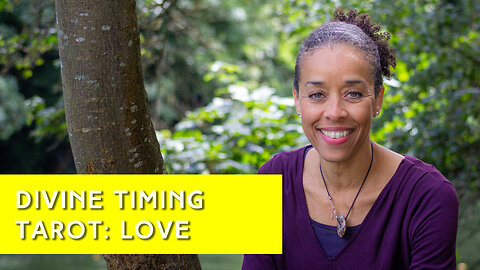 Divine Timing Tarot: Love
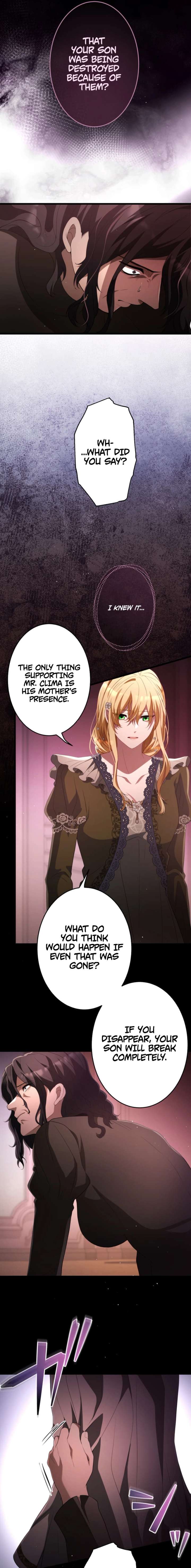 A Savage Proposal Chapter 62 - Page 7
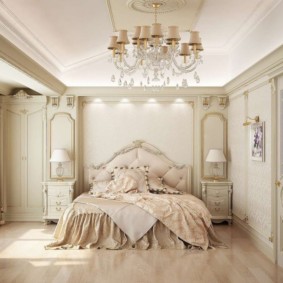 đèn chùm cho phòng ngủ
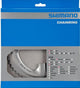 SHIMANO Kettenblatt 105 FC-5800 52 Zähne Silber - Präzise Schaltperformance für Rennräder
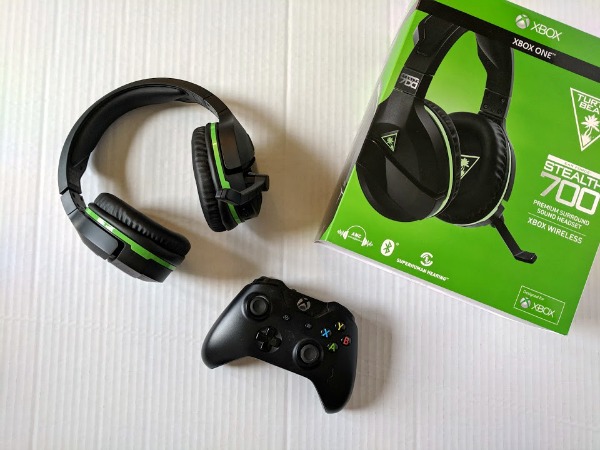 Turtle Beach Stealth 700 Wireless Gaming Headset for Xbox One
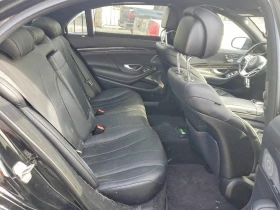 Mercedes-Benz S 450 3.0 Turbo / 9G-Troni /  AMG пакет / КОЖА / LED , снимка 10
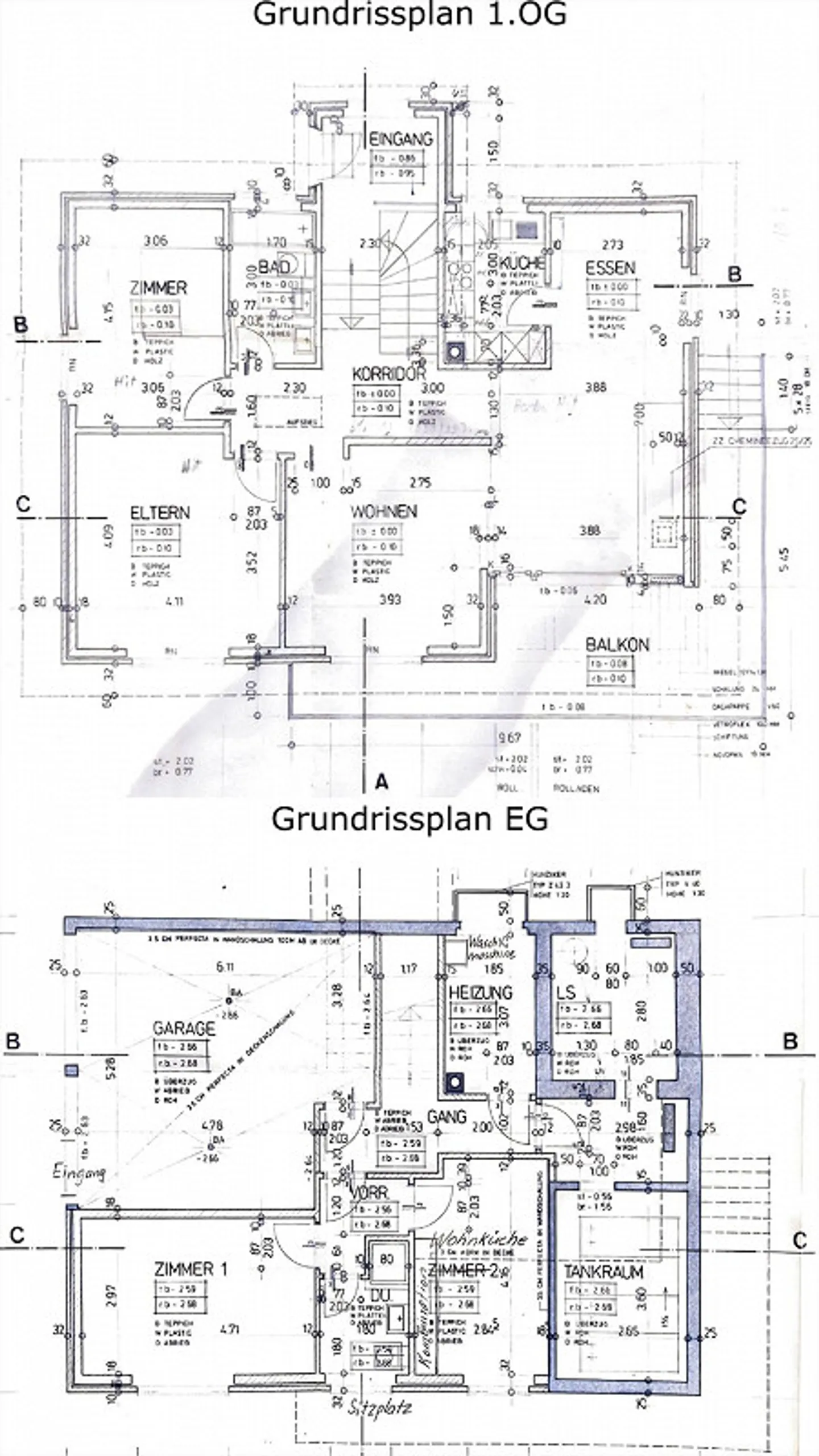 Sonniges Einfamilienhaus mit Einliegerwohnung und Panorama-Aussicht - Foto 23 von 23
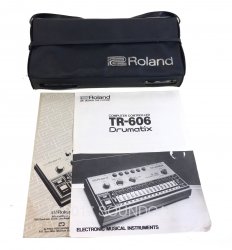 Roland TR-606 Computer Controlled Drumatix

::::::::::

A precise copy of each record, with the images removed, should be output.

Exercise response ▸
 Divine Timing Tarot: Love
 A Savage Proposal Chapter 62 - Page 7
 đèn chùm cho phòng ngủ
 SHIMANO Kettenblatt 105 FC-5800 52 Zähne Silber - Präzise Schaltperformance für Rennräder
 Turtle Beach Stealth 700 Wireless Gaming Headset for Xbox One
 Mercedes-Benz S 450 3.0 Turbo / 9G-Troni /  AMG пакет / КОЖА / LED , снимка 10
 Sonniges Einfamilienhaus mit Einliegerwohnung und Panorama-Aussicht - Foto 23 von 23
 Roland TR-606 Computer Controlled Drumatix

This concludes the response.